--- Supplied material ---
== Segment start ==

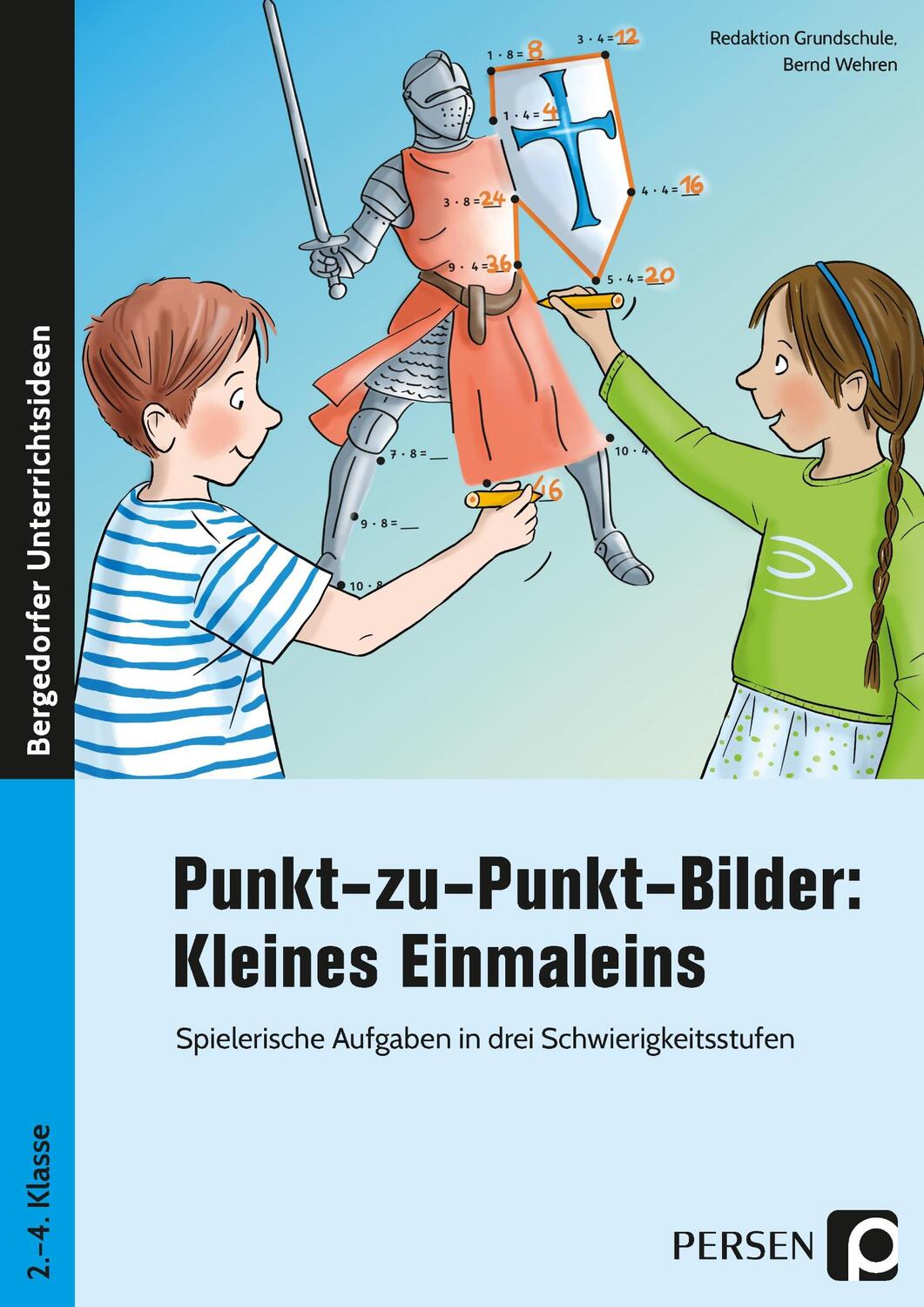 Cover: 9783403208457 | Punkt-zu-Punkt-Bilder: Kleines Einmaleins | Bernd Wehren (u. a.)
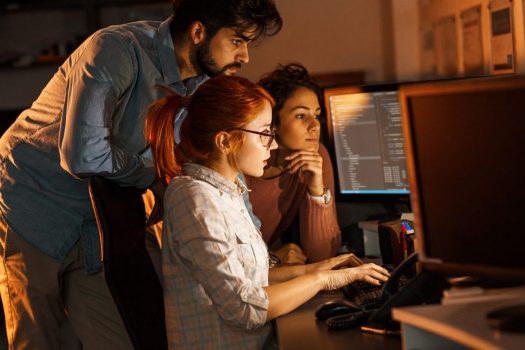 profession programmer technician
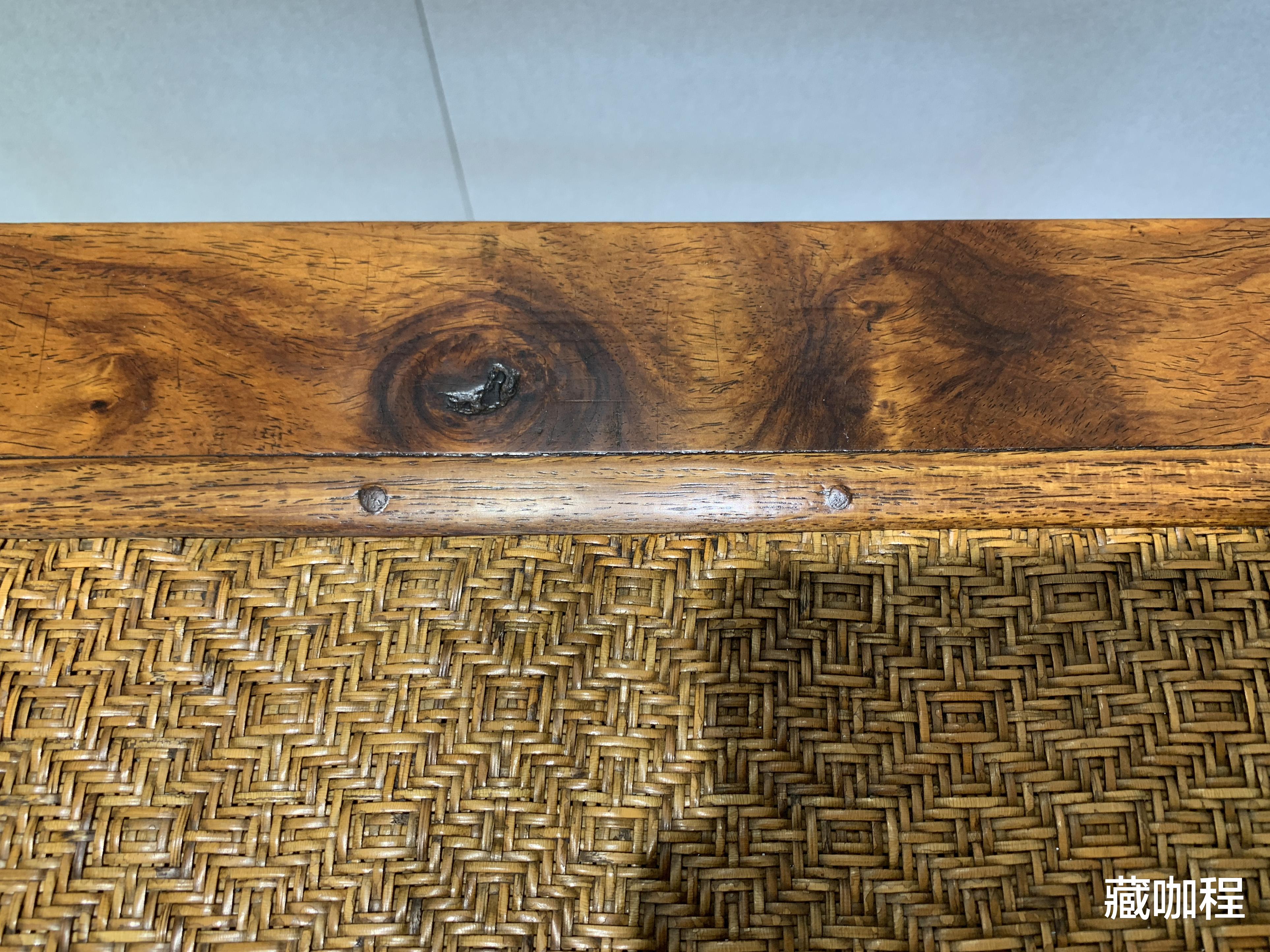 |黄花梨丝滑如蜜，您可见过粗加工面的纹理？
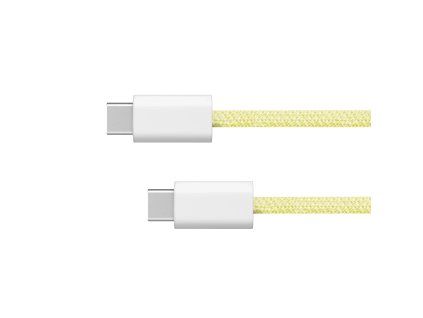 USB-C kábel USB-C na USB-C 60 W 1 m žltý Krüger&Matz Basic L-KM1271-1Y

== Segment end ==

--- Action item ---
In your copy of the data above, leave out the pictures and repeat everything else exactly.

--- Output of the exercise ---
 Cover: 9783403208457 | Punkt-zu-Punkt-Bilder: Kleines Einmaleins | Bernd Wehren (u. a.)
 profession programmer technician
 |黄花梨丝滑如蜜，您可见过粗加工面的纹理？
 USB-C kábel USB-C na USB-C 60 W 1 m žltý Krüger&Matz Basic L-KM1271-1Y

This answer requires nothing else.